I played in a chamber music concert yesterday. One of the pieces was the premiere of a wind quintet by a local composer. It was contemporary–not atonal, but not like Mozart where you know exactly where it’s going. If you get lost playing Mozart, you can regroup pretty quickly. This composition was more fluid, with meter and tempo changes that made it unpredictable.
A couple of minutes into the first movement, the work began to sound a little more contemporary than it was supposed to. When I looked at the oboe player’s face, it confirmed that the train had jumped the track. They had no idea where they were, and none of them were in the same location. After they finished, rather than leaving the stage, they asked the audience if they might play it again, so we could hear the work as it was meant to be.
It was a ballsy move. It would have been a lot easier to pretend all was well and leave the stage. The audience wouldn’t have known the difference. They’d never heard it before.

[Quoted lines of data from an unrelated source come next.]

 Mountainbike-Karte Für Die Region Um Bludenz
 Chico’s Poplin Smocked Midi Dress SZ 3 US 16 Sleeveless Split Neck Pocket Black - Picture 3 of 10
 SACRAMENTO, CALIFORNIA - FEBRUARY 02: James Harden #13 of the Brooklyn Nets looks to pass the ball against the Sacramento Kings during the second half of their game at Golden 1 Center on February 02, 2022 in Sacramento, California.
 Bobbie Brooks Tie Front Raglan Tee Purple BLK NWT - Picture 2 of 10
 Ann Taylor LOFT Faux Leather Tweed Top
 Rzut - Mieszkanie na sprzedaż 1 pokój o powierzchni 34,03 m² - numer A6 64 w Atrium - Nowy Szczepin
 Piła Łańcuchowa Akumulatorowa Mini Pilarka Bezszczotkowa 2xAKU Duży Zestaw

The group played it again, and the audience applauded. They lauded the composer and the musicians felt proud of their performance. I didn’t see it as a failure, but a success. The fact that they struggled made the performance that much more poignant.
Sometimes I treat life like a performance. I made a mistake? Just keep moving. That decision is done, the moment is over, and I can’t go back and ask for a second shot.
Or can I?
I won’t know if I don’t try. Perhaps the world is a more forgiving and accepting place than I believe. Maybe I can ask for patience and try again–to play my part the way it was intended to be.
My career as a writer has had many stops and starts. Sometimes I feel like the world is saying “Haven’t you been here before?” But maybe the world isn’t. Maybe it’s only me. So I begin again, and hope to find applause at the finish line, even if it’s only my own. To amend the saying, it’s not over until the diva sings, and I’m not close to done, so get some popcorn and settle in.